W3C home > Mailing lists > Public > public-rdf-dawg@w3.org > October to December 2005

Re: binary query results format, draft

From: Jeen Broekstra <jeen@aduna.biz>
Date: Mon, 31 Oct 2005 09:34:15 +0100
Message-ID: <4365D707.1000009@aduna.biz>
To: Steve Harris <S.W.Harris@ecs.soton.ac.uk>
CC: RDF Data Access Working Group <public-rdf-dawg@w3.org>

Steve Harris wrote:
> On Thu, Oct 27, 2005 at 04:13:16PM +0200, Jeen Broekstra wrote:
[snip]
>> - Bytes 0-3 contain the ASCII codes for the string "BRTR", which stands for
>>   Binary RDF Table Result.
>> - Bytes 4-7 specify the format version (a 32-bit signed integer).
>> - Bytes 8-11 specify the number of columns of the query result that will
>>   follow (a 32-bit signed integer).
> 
> 
> How (are) the columns named, or are you expected to inspect the query?
> FWIW, I'd prefer explicit column names in the results.

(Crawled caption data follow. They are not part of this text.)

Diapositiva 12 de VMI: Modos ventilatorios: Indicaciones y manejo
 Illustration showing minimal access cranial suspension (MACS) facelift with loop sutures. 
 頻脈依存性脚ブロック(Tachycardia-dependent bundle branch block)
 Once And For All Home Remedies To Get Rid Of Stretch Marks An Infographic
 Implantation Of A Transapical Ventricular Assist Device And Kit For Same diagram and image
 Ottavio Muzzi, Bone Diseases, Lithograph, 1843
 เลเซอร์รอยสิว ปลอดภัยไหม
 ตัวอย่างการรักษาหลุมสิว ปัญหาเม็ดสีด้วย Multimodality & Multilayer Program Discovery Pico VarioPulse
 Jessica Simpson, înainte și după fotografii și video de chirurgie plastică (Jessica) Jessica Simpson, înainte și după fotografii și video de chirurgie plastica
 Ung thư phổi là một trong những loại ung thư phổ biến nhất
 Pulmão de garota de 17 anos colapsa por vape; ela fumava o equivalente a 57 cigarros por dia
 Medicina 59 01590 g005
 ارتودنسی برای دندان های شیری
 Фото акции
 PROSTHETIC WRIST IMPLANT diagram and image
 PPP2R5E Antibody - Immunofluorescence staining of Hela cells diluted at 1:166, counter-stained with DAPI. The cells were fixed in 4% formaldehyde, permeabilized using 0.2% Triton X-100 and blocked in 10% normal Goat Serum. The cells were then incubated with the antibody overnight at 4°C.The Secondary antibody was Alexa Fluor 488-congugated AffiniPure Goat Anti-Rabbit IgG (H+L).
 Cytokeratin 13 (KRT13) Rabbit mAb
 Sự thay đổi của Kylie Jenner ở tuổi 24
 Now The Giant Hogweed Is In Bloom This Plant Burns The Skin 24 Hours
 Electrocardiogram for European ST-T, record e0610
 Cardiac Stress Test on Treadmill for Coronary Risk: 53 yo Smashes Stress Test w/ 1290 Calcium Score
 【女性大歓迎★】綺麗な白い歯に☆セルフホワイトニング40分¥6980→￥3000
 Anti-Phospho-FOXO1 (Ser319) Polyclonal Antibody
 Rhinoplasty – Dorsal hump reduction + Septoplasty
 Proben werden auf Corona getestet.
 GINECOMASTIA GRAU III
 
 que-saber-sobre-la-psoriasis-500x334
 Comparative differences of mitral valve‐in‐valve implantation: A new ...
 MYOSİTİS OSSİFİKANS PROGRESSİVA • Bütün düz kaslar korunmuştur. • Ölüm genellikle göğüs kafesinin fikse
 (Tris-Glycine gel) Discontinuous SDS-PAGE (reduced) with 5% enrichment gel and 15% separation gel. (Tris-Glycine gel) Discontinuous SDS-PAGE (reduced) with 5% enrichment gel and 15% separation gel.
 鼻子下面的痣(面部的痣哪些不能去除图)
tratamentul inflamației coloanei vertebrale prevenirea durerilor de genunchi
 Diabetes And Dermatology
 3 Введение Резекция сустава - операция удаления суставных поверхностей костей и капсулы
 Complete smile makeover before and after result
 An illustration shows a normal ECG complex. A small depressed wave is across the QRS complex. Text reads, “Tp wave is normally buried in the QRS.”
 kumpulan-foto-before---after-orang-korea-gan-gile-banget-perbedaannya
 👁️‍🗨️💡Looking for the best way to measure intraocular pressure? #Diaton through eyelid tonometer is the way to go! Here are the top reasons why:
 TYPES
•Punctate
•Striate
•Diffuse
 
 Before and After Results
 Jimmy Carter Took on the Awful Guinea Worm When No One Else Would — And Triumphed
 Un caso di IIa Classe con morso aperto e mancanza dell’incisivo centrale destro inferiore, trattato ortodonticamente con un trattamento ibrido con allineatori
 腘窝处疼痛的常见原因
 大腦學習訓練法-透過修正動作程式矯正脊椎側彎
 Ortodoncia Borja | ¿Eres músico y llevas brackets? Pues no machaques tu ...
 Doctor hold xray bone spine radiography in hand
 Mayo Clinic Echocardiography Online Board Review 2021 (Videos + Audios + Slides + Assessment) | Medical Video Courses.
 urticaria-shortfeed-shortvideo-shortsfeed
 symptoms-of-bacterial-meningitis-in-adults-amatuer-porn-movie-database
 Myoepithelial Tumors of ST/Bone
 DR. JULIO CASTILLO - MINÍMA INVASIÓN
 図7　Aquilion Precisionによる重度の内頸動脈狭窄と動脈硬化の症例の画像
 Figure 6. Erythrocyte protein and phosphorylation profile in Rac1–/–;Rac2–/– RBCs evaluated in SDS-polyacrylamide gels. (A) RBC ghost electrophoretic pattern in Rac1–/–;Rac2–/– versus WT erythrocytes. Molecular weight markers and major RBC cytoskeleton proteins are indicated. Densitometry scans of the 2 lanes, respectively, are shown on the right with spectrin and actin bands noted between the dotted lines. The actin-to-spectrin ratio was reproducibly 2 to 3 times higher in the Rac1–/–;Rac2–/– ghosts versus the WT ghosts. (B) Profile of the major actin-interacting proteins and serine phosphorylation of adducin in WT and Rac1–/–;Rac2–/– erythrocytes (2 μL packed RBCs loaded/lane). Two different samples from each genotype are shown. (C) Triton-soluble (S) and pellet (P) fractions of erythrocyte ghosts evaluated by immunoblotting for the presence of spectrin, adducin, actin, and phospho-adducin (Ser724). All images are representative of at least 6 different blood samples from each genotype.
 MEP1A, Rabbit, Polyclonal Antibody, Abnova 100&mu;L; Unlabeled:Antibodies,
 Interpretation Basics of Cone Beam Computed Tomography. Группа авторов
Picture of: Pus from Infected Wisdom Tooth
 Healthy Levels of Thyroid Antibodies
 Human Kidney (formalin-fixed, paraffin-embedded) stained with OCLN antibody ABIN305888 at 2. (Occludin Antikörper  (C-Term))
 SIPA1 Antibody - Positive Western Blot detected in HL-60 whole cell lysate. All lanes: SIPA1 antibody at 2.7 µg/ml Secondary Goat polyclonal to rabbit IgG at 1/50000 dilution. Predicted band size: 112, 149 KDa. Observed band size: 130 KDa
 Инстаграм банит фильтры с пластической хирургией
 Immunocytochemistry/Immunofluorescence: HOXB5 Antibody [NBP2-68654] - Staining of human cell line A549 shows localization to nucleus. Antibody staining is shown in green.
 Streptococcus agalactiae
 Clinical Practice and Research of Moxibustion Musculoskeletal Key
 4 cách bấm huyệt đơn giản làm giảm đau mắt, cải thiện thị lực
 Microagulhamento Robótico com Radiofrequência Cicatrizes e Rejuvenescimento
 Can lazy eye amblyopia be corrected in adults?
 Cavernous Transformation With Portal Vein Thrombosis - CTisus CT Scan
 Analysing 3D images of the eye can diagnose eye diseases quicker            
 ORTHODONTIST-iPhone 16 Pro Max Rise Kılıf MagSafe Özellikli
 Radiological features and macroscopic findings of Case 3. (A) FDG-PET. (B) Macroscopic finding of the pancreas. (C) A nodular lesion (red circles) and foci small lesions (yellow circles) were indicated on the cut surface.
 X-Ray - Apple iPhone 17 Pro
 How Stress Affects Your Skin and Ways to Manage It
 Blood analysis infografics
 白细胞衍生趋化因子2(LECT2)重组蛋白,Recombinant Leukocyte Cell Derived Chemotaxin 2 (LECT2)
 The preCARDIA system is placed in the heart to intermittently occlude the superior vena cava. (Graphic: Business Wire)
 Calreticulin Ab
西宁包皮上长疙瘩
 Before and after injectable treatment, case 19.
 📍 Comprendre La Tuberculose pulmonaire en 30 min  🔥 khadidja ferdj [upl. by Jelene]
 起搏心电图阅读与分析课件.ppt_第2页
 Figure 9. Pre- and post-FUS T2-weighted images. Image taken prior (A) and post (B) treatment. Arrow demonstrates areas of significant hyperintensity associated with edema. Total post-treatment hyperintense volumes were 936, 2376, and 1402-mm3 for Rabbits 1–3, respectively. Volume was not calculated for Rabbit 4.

Ah, I didn't make that sufficiently clear, sorry. The column names are 
  encoded as UTF-8 encoded strings and follow the header directly. So 
there are explicit column names in the result.

>>UTF-8 String encoding
>>=====================
>>
>>(Note: In the current Sesame implementation, a modified UTF-8 encoding
>>scheme is used, which is the default UTF-8 encoding scheme in Java (see
>>http://java.sun.com/j2se/1.5.0/docs/api/java/io/DataInput.html#modified-utf-8
>>for details). Obviously this can be generalized/changed to be more
>>standards-compliant. I am documenting the current Sesame/Java scheme here
>>for now though).
>>
>>Each value encoded as an UTF-8 string is preceeded with a 2-byte prefix
>>indicating the byte-length of the encoded string. The length is stored as
>>a 16-bit unsigned short integer.
> 
> 
> Why not NUL terminated? Does Sesame allow literals with NULs in? Doesnt
> unmangling unalligned integers get expensive? If literals with NULs in are
> important the length marker should be longer.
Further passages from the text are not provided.